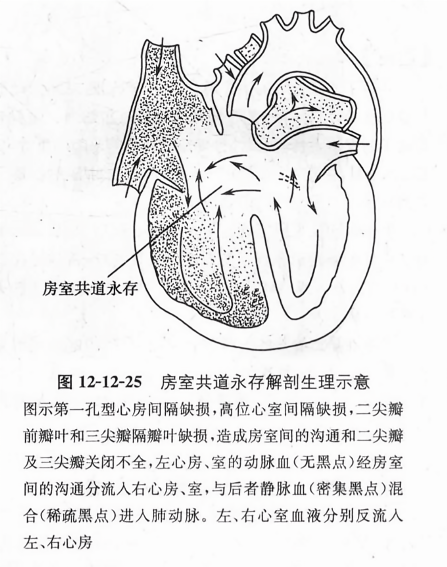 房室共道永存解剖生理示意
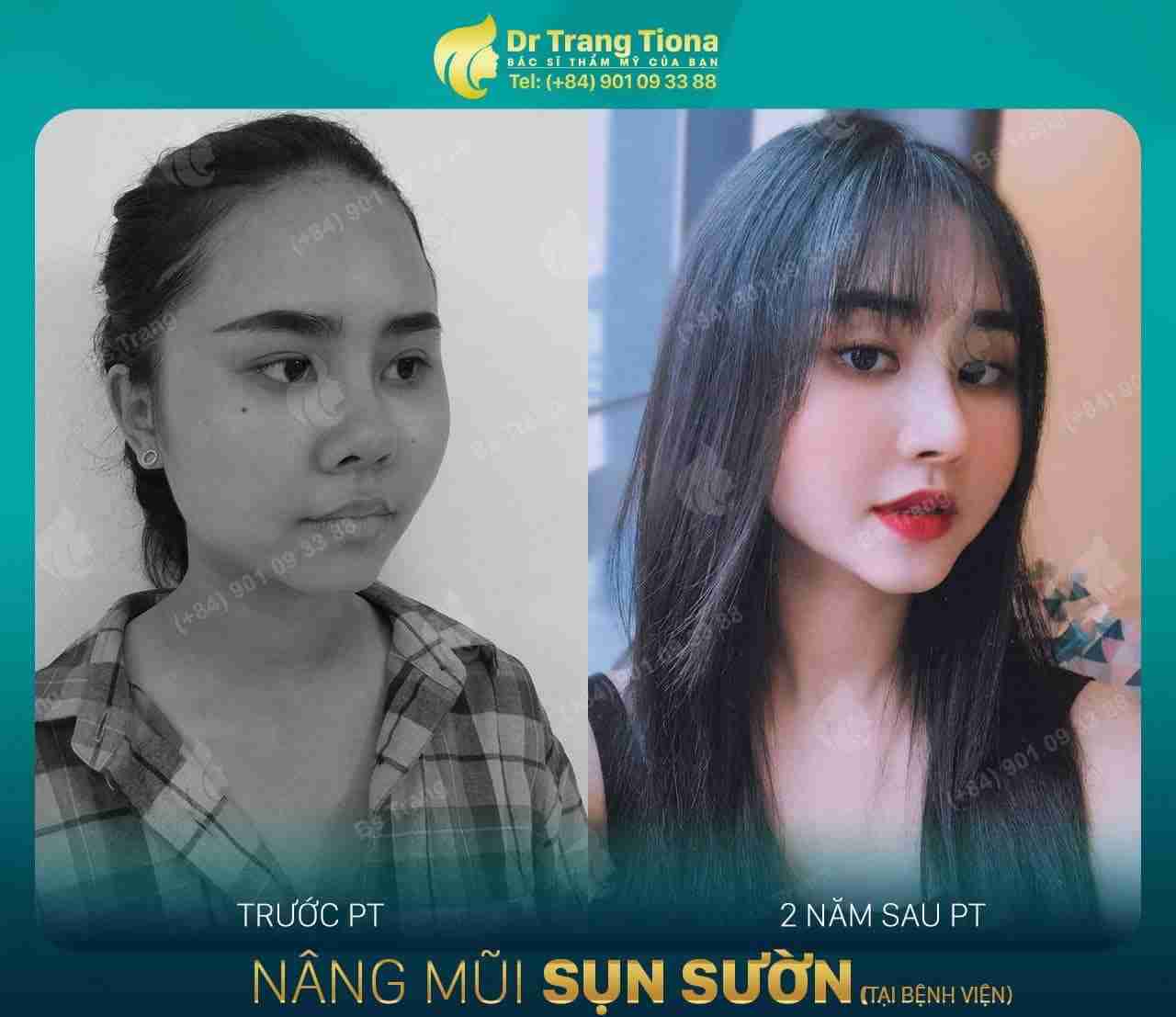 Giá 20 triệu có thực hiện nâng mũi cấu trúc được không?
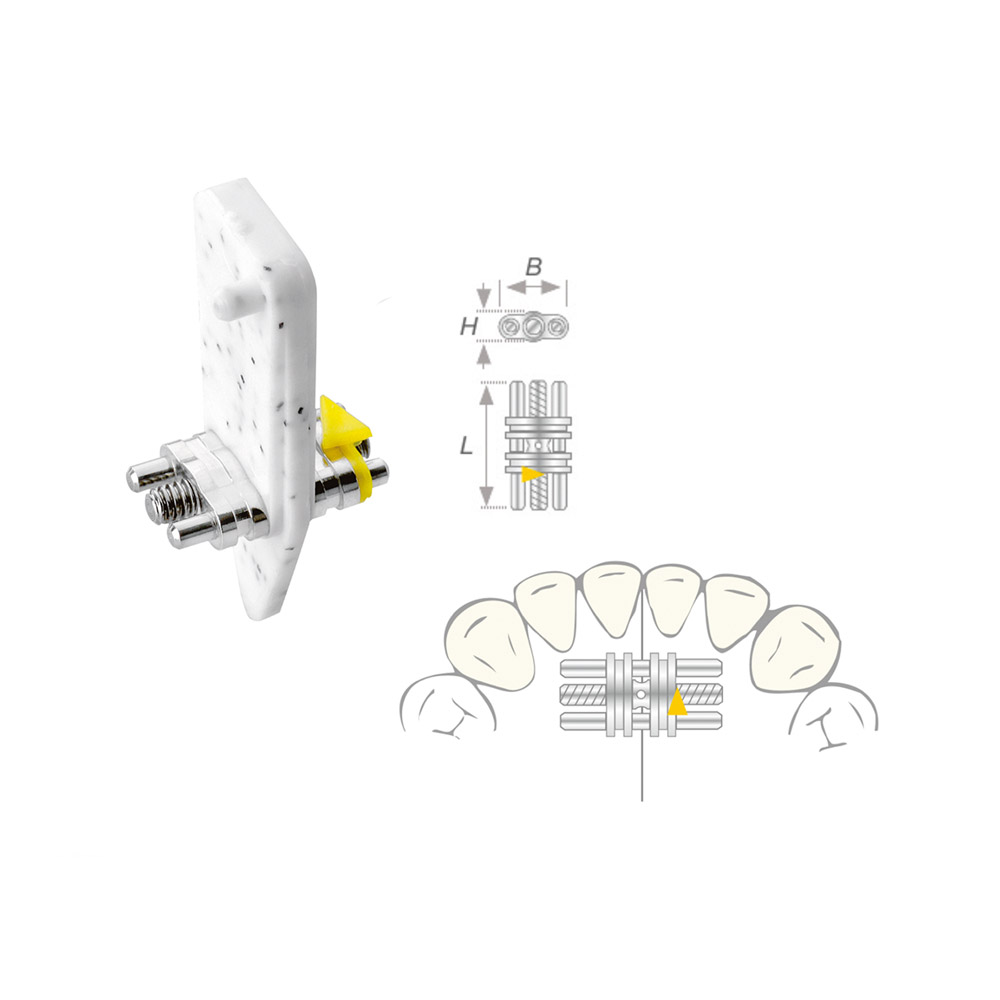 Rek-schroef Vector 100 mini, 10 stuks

● ● ● ●

Task objective >> Print only the lines running from the one containing "Giá 20 triệu" to the end of the data above, exactly; include no pictures.

Task answer >>
 Giá 20 triệu có thực hiện nâng mũi cấu trúc được không?
 Rek-schroef Vector 100 mini, 10 stuks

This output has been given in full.